Over at Mozzadrella, Vanessa, a fellow P2PU community member has been writing about the challenges of supporting learner responsibility and trying to be a facilitator, but not a teacher. I started to write a comment, but it emerged into a rare, spontaneous blogpost.
Expecting learners to take responsibility for their own learning is a built-in value for P2PU–the courses are free, so our participants don’t “have” to do anything… Balancing the need for some structure with this kind of freedom is a task I’ve found particularly difficult.
I’ve been thinking a lot about these issues, especially how to balance independent learning with the collective study group / course participants’ learning.
i.e. How can you herd cats while still recognising that each cat is a VERY special snowflake ?
Additionally, most people initiate a course out of their own interest and are learners with needs of their own to be met, not just a herder of cats!
There’s a new type of facilitation and participation model which we (peer and non-formal / informal learners) need to surface and define more tightly both for online and real world groups. Many facilitators and participants within P2PU and similar learning communities have instincts and innate knowledge that they apply to these situations, but we still haven’t worked out how to identify, clarify or share this practice well yet. In particular we need to develop models that support the needs of learners working through existing course structures (eg. MIT Open Courseware – Physics 1) or groups who are working through an emerging problem space without clear learning guidelines in place (eg. What Philosophers Can Do for Artists)

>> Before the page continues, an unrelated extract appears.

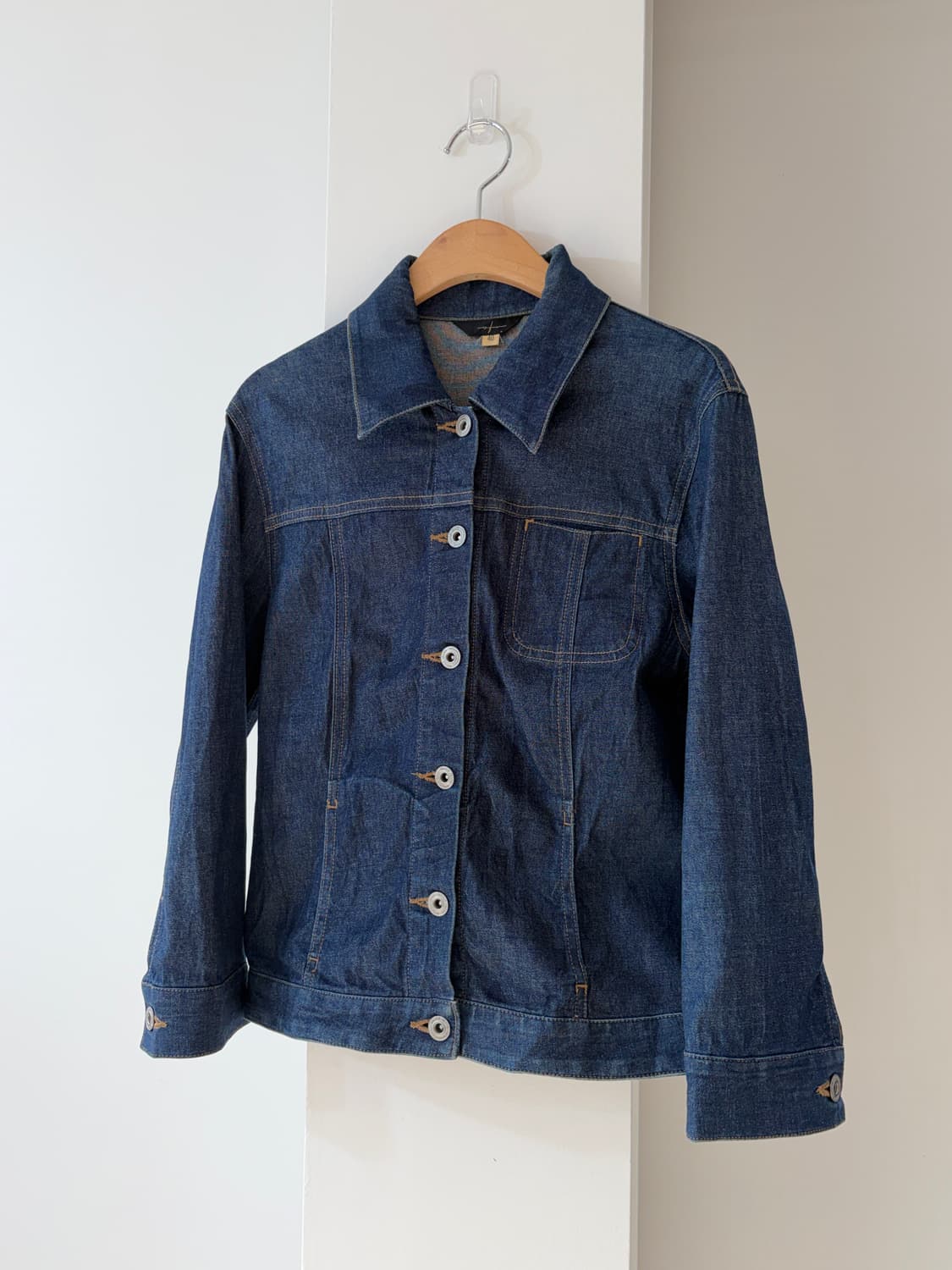 vintage denim jacket 상품이미지1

That said, working towards a facilitation model like this would not produce something that is fixed and compulsory to use within a community like P2PU. I think that maybe it would be more like the many versions of World Cafe, Open Space, Unconference facilitation that exist and which emerge into new forms such as the Book Sprint methodology. A hackable model that is useful for its core approach and recommendations, but that can be reinterpreted and modified for the facilitator and specific learning context.
I’ve written a little about how to use open space idea gathering methodologies at a task development stage before. In addition I believe that there’s a lot to be learnt about the “cat herding” skills that facilitators use and that online learning facilitators can build on too.

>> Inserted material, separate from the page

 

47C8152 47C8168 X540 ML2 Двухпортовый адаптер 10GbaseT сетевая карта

Having just led some live facilitation in an open space manner last weekend I’m reflecting on how facilitators need to use an iron fist within a velvet glove as they keep participants on track and in line with the process’s social contract. Sure, in an “open” format like this discussion is emergent and driven by participants needs, but a break out session is still time defined and with clear report backs! In some contexts participants turning up late to a session are threatened with public singing as a punishment. What can we learn from methodologies such as this to support a peer learning group?
Maybe its best for organisers to be a little bit tighter with when new learners can join a group, or to work with participants to define mutually agreed due dates for collectively identified tasks? I don’t know, but I have a feeling that in order to support effective “free and open participation” within groups we (facilitators) might find ourselves turning more to self-imposed structures that benefit both us and our peer learners.